In the context of computer software, the exclusive reproduction right is limited by the "essential step" defense, which allows the owner of a copyrighted software program to make a copy of the computer program as an "essential step" in the utilization of the program, generally when installing (a copy of) the program onto the computer's hard-drive memory. 17 U.S.C. § 117(a)(1).
Here, Microsoft alleges that A&S is liable for contributory infringement which requires Microsoft to establish: (1) direct infringement by a third party (violation of some copyright-protected right) and (2) defendant's knowledge of the direct infringing activity and intentional inducement or encouragement of such activity. See MDY Indus., LLC v. Blizzard Entm't, Inc., 629 F.3d 928, 937 (9th Cir. 2010); A&M Records, Inc. v. Napster, Inc., 239 F.3d 1004, 1013 (9th Cir. 2001). Microsoft asserts that the first sale doctrine does not apply to its software, and particularly to the software at issue in this litigation, because it was not sold to a first purchaser and then resold, but instead was merely licensed.
The Court reviews a trilogy of cases which construct the relevant legal framework.
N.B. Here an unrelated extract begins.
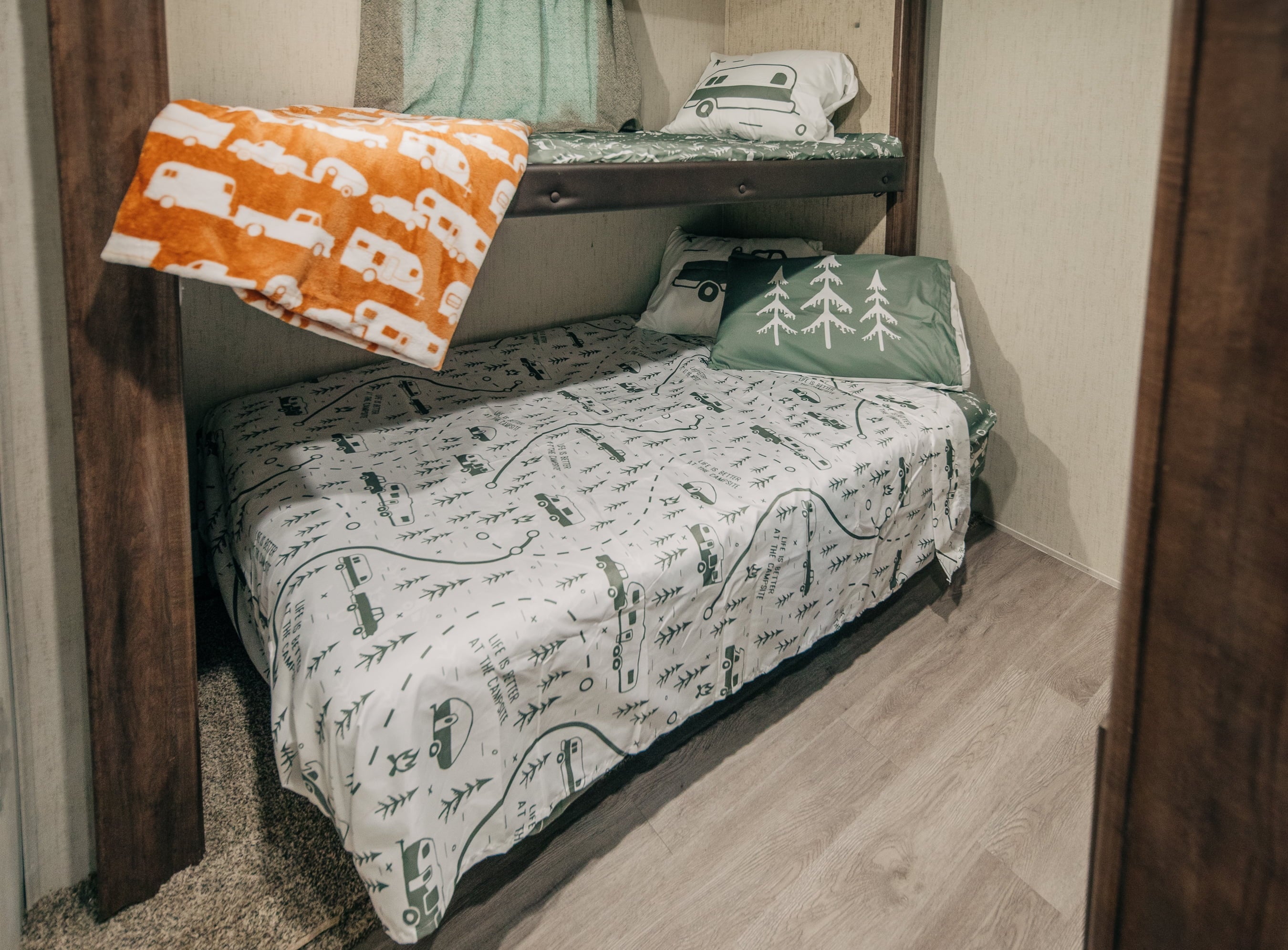 Ultra-Soft RV Queen Bed Sheet Set, Green Map, Polyester (53476) - Breathable Egyptian Cotton Flat & Fitted Sheets Detail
To determine whether a software user is a licensee or an owner, the Ninth Circuit looks to whether the copyright owner: (1) "specifies that the user is granted a license"; (2) "significantly restricts the user's ability to transfer the software;" and (3) "imposes notable use restrictions." Vernor, 621 F.3d at 1111; see also UMG Recordings, 628 F.3d at 1180. In Vernor, the Ninth Circuit held that software manufacturer Autodesk had: (1) "retained title to the software;" (2) "imposed significant transfer restrictions" including provisions that the license was non-transferable and the software itself could not be transferred or leased without written consent; and (3) imposed "restrictions against the use of the software outside the Western Hemisphere," among others. Vernor, 621 F.3d at 1111-12. Based on these and other restrictions, the court concluded "Vernor did not receive title to the copies from [initial purchaser] CTA and accordingly could not pass ownership on to others," so that both CTA's and Vernor's sales infringed on Autodesk's distribution rights. Id. at 1112.
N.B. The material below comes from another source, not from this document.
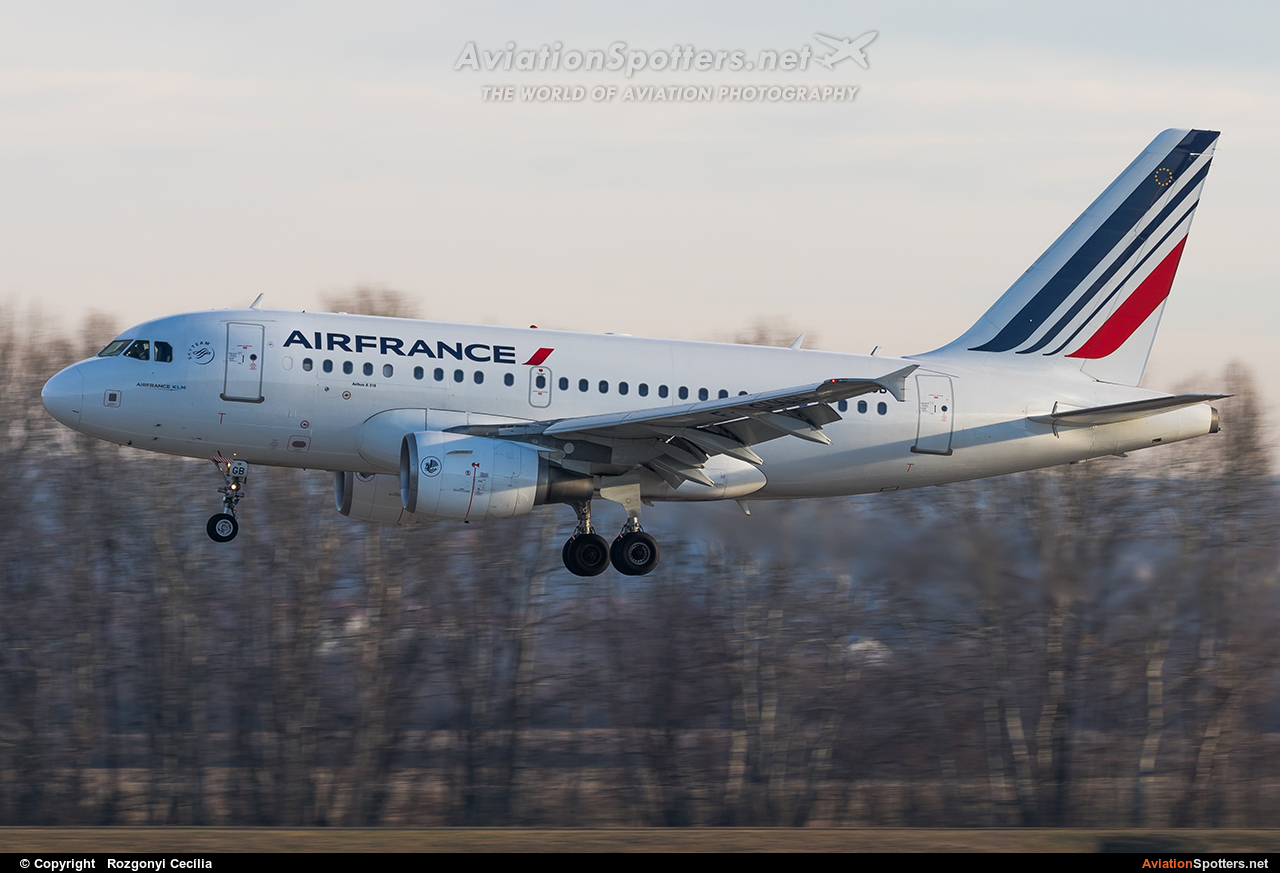 Air France  -  A318  (F-GUGB) By Rozgonyi Cecília (Rozgonyi Cecília)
The following year, in UMG Recordings, the Ninth Circuit further held that merely labeling an arrangement as a license, or stating that the copyrighted works were "not for resale," was not dispositive of the issue. UMG Recordings, 628 F.3d at 1180. The Ninth Circuit instead analyzed the transfer itself, including whether the copyright holder retained "sufficient incidents of ownership," such as: (1) recipients expressing agreement to enter into a license; and (2) the copyright holder exercising any "meaningful control or even knowledge of the status" of the copyrighted work after distribution. Id. at 1182-83 ("UMG dispatched the CDs in a manner that permitted their receipt and retention by the recipients without the recipients accepting the terms of the promotional statements. . . . [and thereby] effected a gift or sale within the meaning of the first sale doctrine").
Finally, in Christenson, the Ninth Circuit clarified the parties' burdens on the issue of establishing a license versus a sale. Adobe Sys. Inc. v. Christenson, 809 F.3d 1071, 1078-79 (9th Cir. 2015). The Christenson court held that "the party asserting a first sale defense must come forward with evidence sufficient for a jury to find lawful acquisition of title, through purchase or otherwise, to genuine copies of the copyrighted software." Id. at 1079. Once established, "[t]o the extent that the copyright holder claims that the alleged infringer could not acquire title or ownership because the software was never sold, only licensed, the burden shifts back to the copyright holder to establish such a license or the absence of a sale." Id. The copyright holder must then offer evidence of the "specific license agreements . . . [that the court could] benchmark [ ] against the Vernor factors to determine whether there was a legitimate license at the outset, as well as whether downstream customers were `bound by a restrictive license agreement' such that they are `not entitled to the first sale doctrine.'" Id. at 1080 (citing Vernor, 621 F.3d at 1113).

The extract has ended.